But this brings to mind the destructive thoughts that grip us and keep us paralyzed from doing what we really want to do. What is it that conditions us to be so fearful? Think of all the activities that await us; stuff we can venture forward and try to make our lives more adventurous, more colorful, and more interesting. Stuff to make life…lively!
Don’t be so consumed by over-imagined fear that you can’t stick your face in the water.
There’s another kind of pool.
Sometimes, we jump headlong into that inky lagoon within ourselves—and dive dangerously deep. Our soul-lungs bursting and our minds confused, we come perilously close to drowning.
Unfortunately, setbacks and disappointments and loss are part of life. It’s natural that we all go to that dark pool occasionally. The key is remembering to resurface.

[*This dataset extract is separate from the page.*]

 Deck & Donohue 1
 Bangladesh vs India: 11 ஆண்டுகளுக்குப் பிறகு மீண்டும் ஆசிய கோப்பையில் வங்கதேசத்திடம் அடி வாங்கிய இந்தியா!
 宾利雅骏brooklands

The Bible tells us to fear not hundreds of times.
Yet we cling to fear like a life preserver, instead of recognizing it as a bag of rocks. We choose to sleep with the fishes.
That can not only paralyze us, but be downright embarrassing–even decades after swimming lessons are over.
Wow Tim. You hit the nail on the head for me with this introspection. I’ll come back to this story/metaphor over and over, I’m sure. Thanks so much for sharing your soul and mind.
Thanks Nancy! I still can’t believe I was such a dorky swimmer!
If I am not mistaken, the Bible tells us “Fear Not” exactly 365 times. One for every day.
I’ve heard that too–and how easy it is not to remember that, right? Thanks for reading Geri!